All in all it took me about 9 months to make Goblyn Stomp, start to finish. I hope you enjoy it! I plan on adding entries from time to time that go into detail about how I developed specific aspects of the game, so if there's anything in particular you're interested in, feel free to leave a comment and let me know.

Goblyn Stomp Tips

So in the process of making the game, I've put in more than a few hours playing Goblyn Stomp. I'd like to share some tips I've come up with in my playing:
  • At the beginning of the game (the first 25 kills), you can hold down the A button to jump repeatedly. There is, however, a brief pause between jumps that could give a goblyn time to bite you.
  • If you're having trouble lining up your stomps, try lining up your shadow with the goblyns' shadows.
  • The fantastic stomp is great for taking out clustered goblyns, but it also leaves Chap vulnerable for a short time. Try to target isolated groups that fit within the stomping radius.
  • Until you start really getting mobbed with goblyns, try to save your health tonicks until you have 3 bites (or less) left.
  • Use your remote mynes! You can only drop 10 at a time before detonating them, but you can use as many as you like. I've found that laying down a horizontal line across the screen is a particularly good way to clear a path through a stampede.
  • Stampeding goblyns seem to avoid the sidewalk...

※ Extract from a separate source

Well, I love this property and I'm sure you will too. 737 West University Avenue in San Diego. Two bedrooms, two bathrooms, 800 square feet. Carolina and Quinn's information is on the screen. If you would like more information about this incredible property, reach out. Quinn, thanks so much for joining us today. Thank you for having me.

Still having trouble? Have any tips of your own? Leave a comment!

Saturday, November 7, 2009

Welcome!

Thanks for checking us out! I've got the websites forwarding here until I have the time to make a real website (or the money to pay someone else to do it.) My current project is a game called Goblyn Stomp, an XBox Live Indie game that I would describe as a cross between Geometry Wars and Castle Crashers watered down to a $1 version and set in the early 1900's. Here's a screen shot:


My goal is to finish the game and submit it for review before Thanksgiving, so it'll hopefully be up on XBox Live by early December.